● **EXERCISE**
Copy out exactly the stretch below, from the line with "AB toplantısında masaya" through the line with "Masters Of The Universe Masters", both included; the pictures stay out.

---- DATASET EXCERPTS

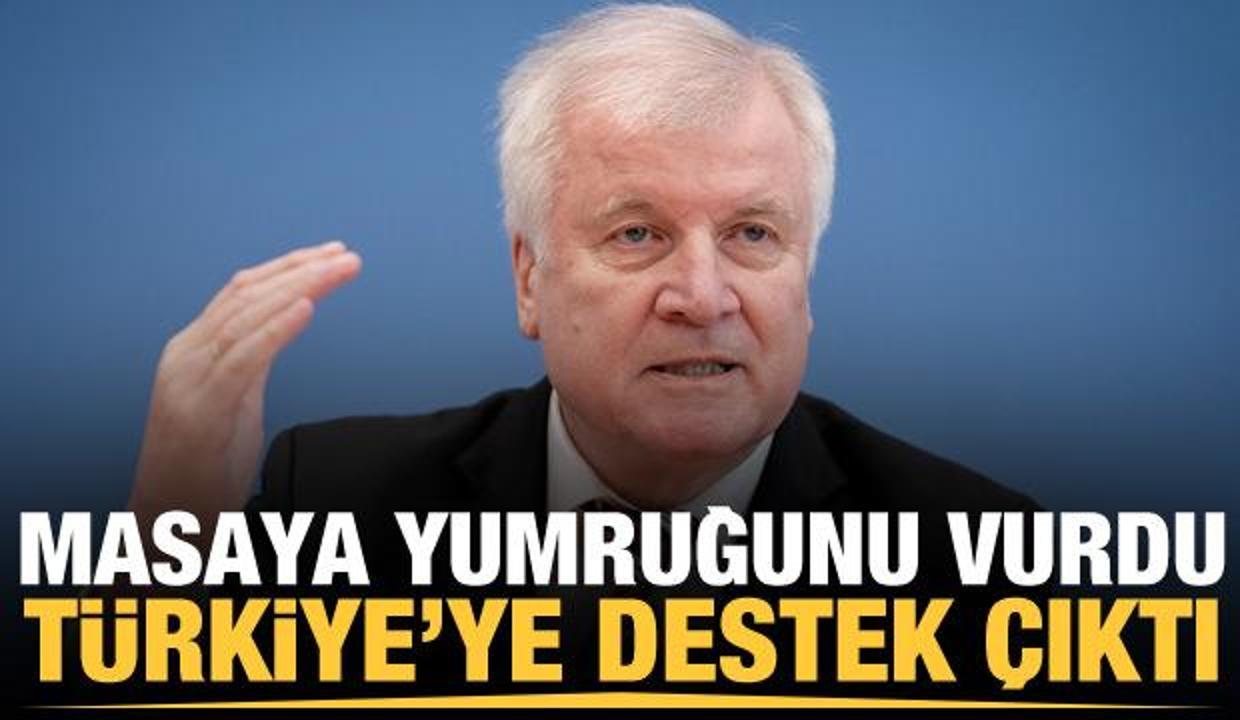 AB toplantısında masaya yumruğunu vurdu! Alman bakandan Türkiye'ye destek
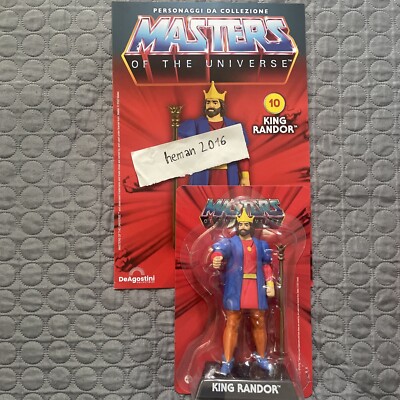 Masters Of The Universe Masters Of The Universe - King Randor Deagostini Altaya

--------
---- DATASET EXCERPTS

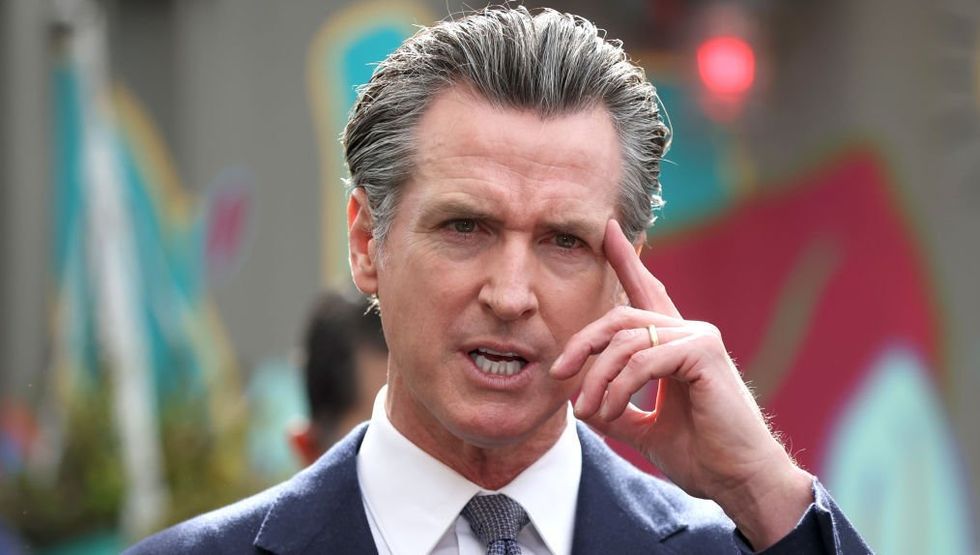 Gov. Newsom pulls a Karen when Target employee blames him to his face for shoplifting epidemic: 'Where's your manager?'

--------
---- DATASET EXCERPTS

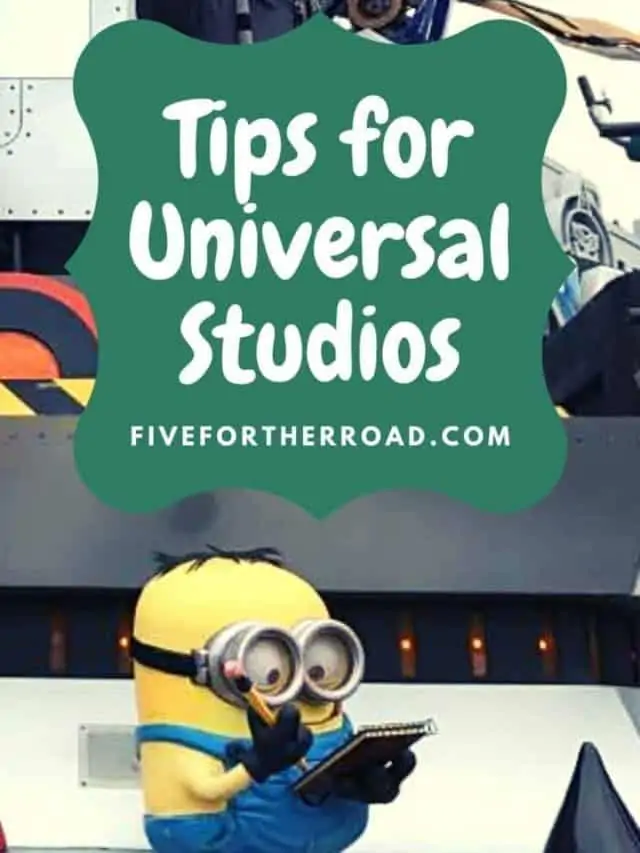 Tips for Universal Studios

--------

● **SOLUTION TO THIS TASK**
 AB toplantısında masaya yumruğunu vurdu! Alman bakandan Türkiye'ye destek
 Masters Of The Universe Masters Of The Universe - King Randor Deagostini Altaya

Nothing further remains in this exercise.